* _Supplied data_:
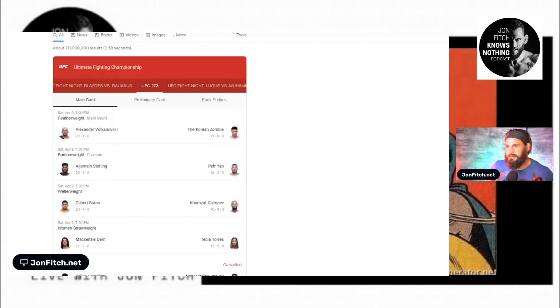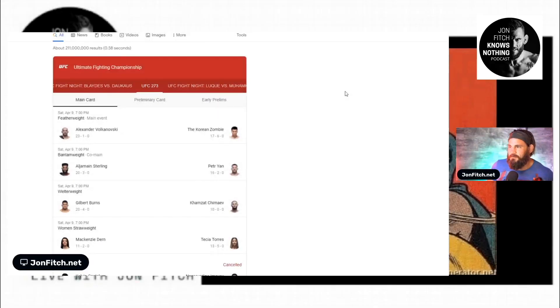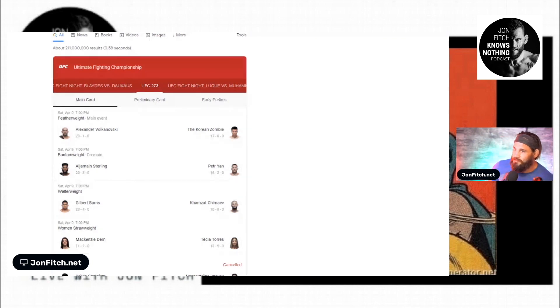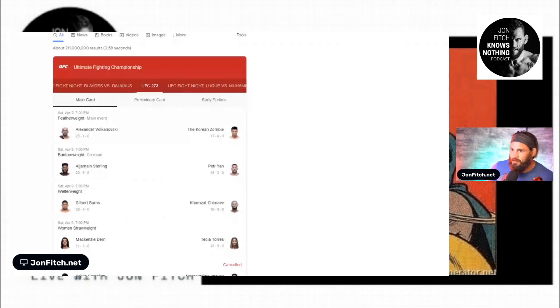Main event, what do you guys think about this main event, Korean Zombie versus Volkanovski? I don't think Korean Zombie has much of a chance in this. He's gonna weather the storm until Volk wears himself out from beating him up and then he's gonna beat him.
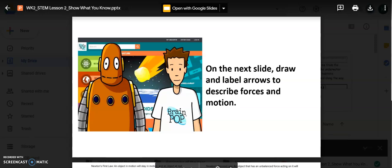In this video, I'm going to turn one of the PowerPoint Show What You Know student-facing pieces into Google Slide.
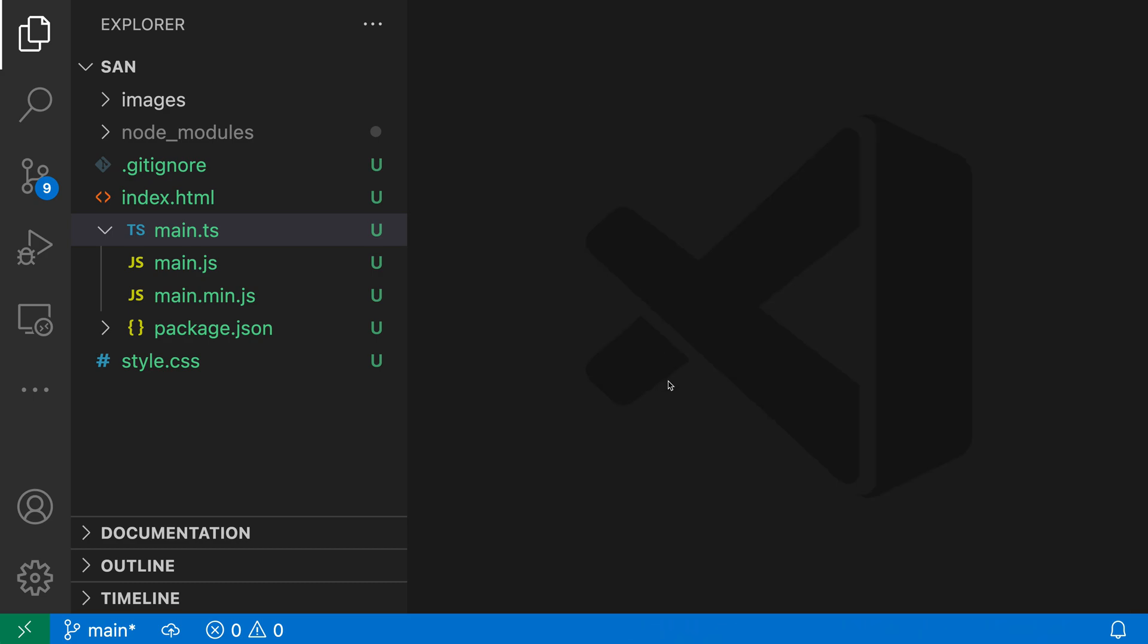The other important thing is that I have not changed the paths of any of these files. File nesting is only affecting how the files are displayed. All of these files are still at the top level of the workspace.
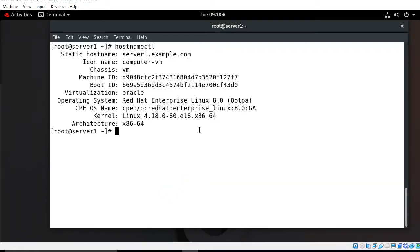Hi guys, welcome to Linux our YouTube channel. My name is Ramishra and I'm your online instructor. In this video, I will tell you how to configure AIDE in RHEL 8. But before we start the lab session, we have to understand a few points: what is AIDE and its use cases. I have a lab scenario for the demonstration purpose.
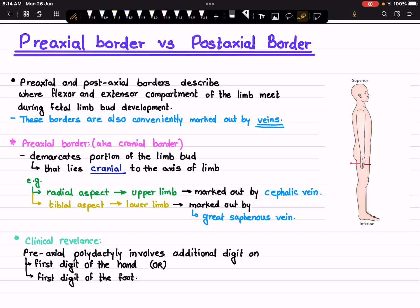Hello everyone, welcome back to Medical Digest. In today's video I have brought to you a very special topic, and it's quite a confusing topic known as pre-axial border versus post-axial border. In this video we will be exclusively diving into the details of what exactly pre-axial border and post-axial border are, and the difference between these two borders.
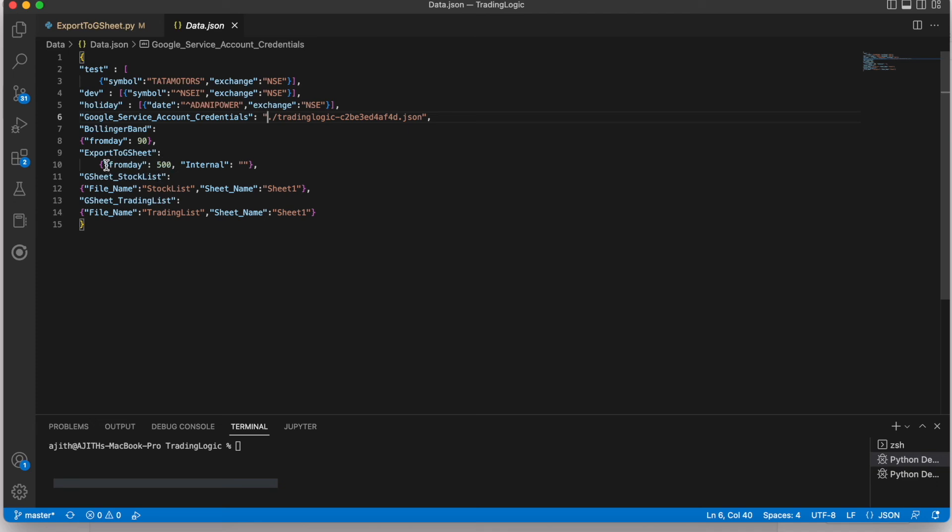Then this is the setting for how many history data we are going to check for the stock.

* _Exercise requirements_:
Repeat the data above exactly, but not the pictures.

* _Completed exercise_:
Main event, what do you guys think about this main event, Korean Zombie versus Volkanovski? I don't think Korean Zombie has much of a chance in this. He's gonna weather the storm until Volk wears himself out from beating him up and then he's gonna beat him.
In this video, I'm going to turn one of the PowerPoint Show What You Know student-facing pieces into Google Slide.
The other important thing is that I have not changed the paths of any of these files. File nesting is only affecting how the files are displayed. All of these files are still at the top level of the workspace.
Hi guys, welcome to Linux our YouTube channel. My name is Ramishra and I'm your online instructor. In this video, I will tell you how to configure AIDE in RHEL 8. But before we start the lab session, we have to understand a few points: what is AIDE and its use cases. I have a lab scenario for the demonstration purpose.
Hello everyone, welcome back to Medical Digest. In today's video I have brought to you a very special topic, and it's quite a confusing topic known as pre-axial border versus post-axial border. In this video we will be exclusively diving into the details of what exactly pre-axial border and post-axial border are, and the difference between these two borders.
Then this is the setting for how many history data we are going to check for the stock.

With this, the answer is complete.